12.1. If the relationship established by the Purchase Agreement contains an international (foreign) element, the parties agree that the relationship shall be governed by Czech law. By the choice of law pursuant to the preceding sentence, the Buyer who is a consumer is not deprived of the protection afforded to them by provisions of the legal order from which it is not possible to deviate contractually and which would otherwise apply pursuant to Article 6(1) of Regulation (EC) No. 593/2008 of the European Parliament and of the Council of 17 June 2008 on the law applicable to contractual obligations (Rome I).

12.2. The content of the Seller’s Website, all materials published thereon (texts, photographs, images, logos and others) and in related printed media (promotional leaflets, advertisements, etc.), including the software of the Web Interface of the Store and these Terms and Conditions, are protected by the Seller’s copyright and may also be protected by other rights of third parties.

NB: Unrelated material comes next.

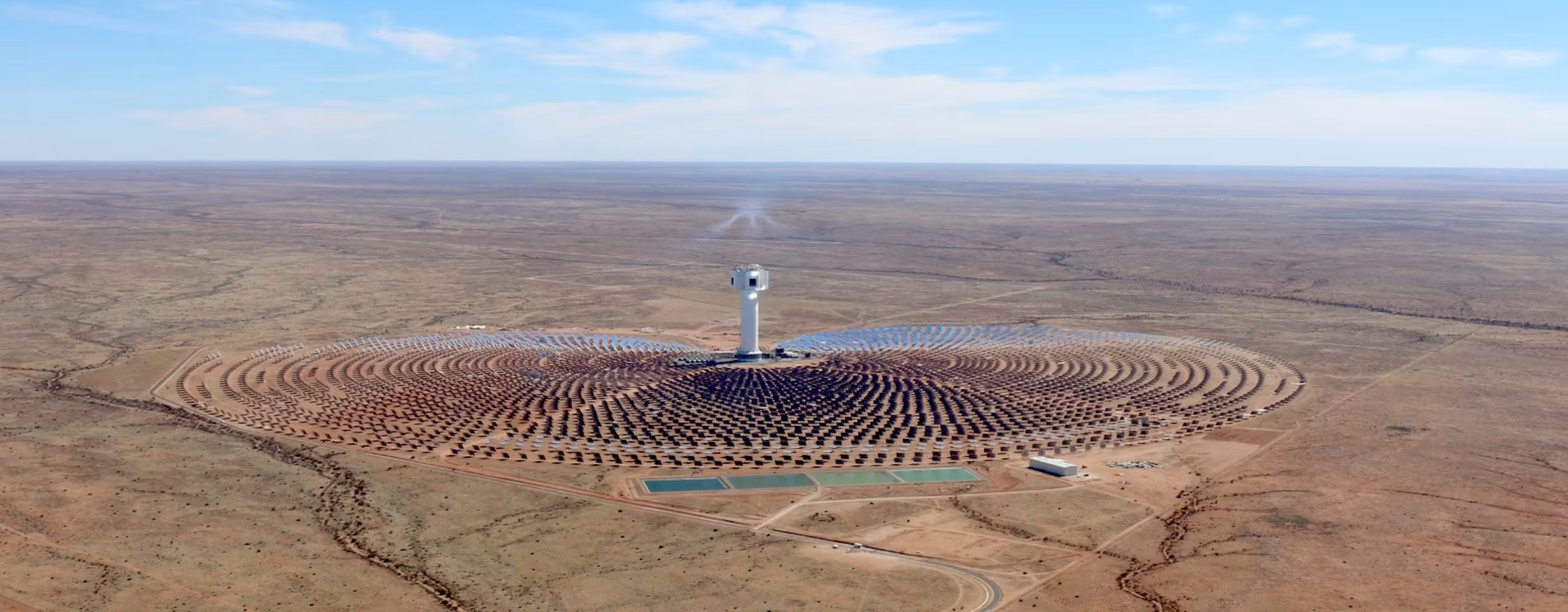 A concentrating solar plant in the middle of a desert - circles of solar panels around a massive central tower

The content may not be modified, copied, reproduced, distributed or used by the Buyer or User or by any third party for any purpose without the Seller’s prior written consent. In particular, it is prohibited to make photographs and texts published on the Web Interface of the Store available for consideration or free of charge. In the event of breach of this prohibition, the Seller shall proceed in accordance with Act No. 121/2000 Coll., the Copyright Act, as amended. Names and designations of products, goods, services, firms and companies may be registered trademarks of their respective owners.

12.3. If any provision of the Terms and Conditions is or becomes invalid or ineffective, the invalid provision shall be replaced by a provision whose meaning is as close as possible to the invalid provision. The invalidity or ineffectiveness of one provision shall not affect the validity of the other provisions.

12.4. The Purchase Agreement, including the Terms and Conditions, is archived by the Seller in electronic form and is not accessible.

12.5. An annex to the Terms and Conditions is the model withdrawal form from the Purchase Agreement.

12.6. Seller’s contact details: delivery address PUFFHOUSE, Železná 633/2, Brno, 619 00, e-mail address info@puffhouse.cz, telephone +420 608 758 066.

These Terms and Conditions are valid and effective as of 1 May 2022, last update as of 1 June 2025.